▶ Data to examine
+===+

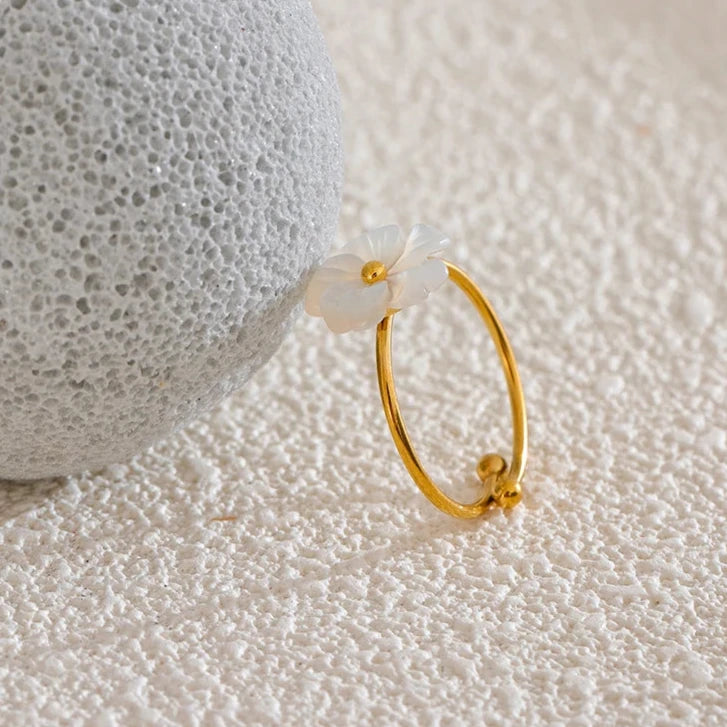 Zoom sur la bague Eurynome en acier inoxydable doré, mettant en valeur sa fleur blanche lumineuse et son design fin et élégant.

+===+

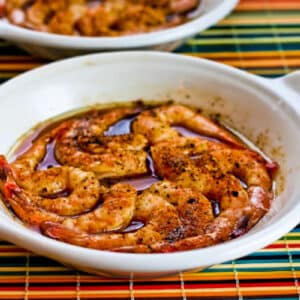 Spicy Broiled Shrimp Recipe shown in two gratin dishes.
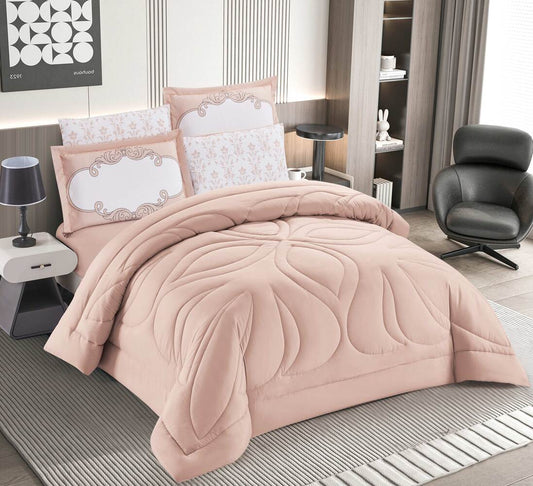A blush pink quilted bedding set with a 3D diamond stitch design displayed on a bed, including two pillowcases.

+===+

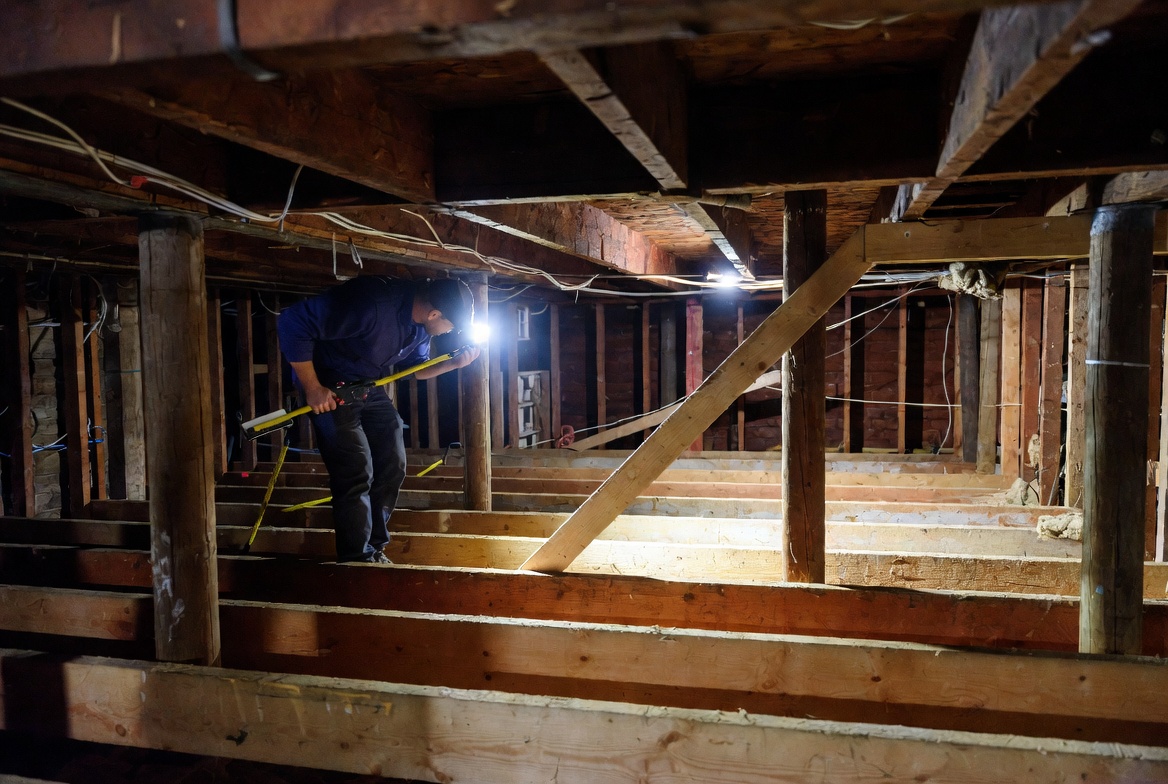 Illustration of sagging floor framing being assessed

+===+

▶ Action item
Your answer is the exact run of lines above from the one with "Spicy Broiled Shrimp" through the one with "A blush pink", both ends included, minus any picture.

▶ Result for this exercise
 Spicy Broiled Shrimp Recipe shown in two gratin dishes.
A blush pink quilted bedding set with a 3D diamond stitch design displayed on a bed, including two pillowcases.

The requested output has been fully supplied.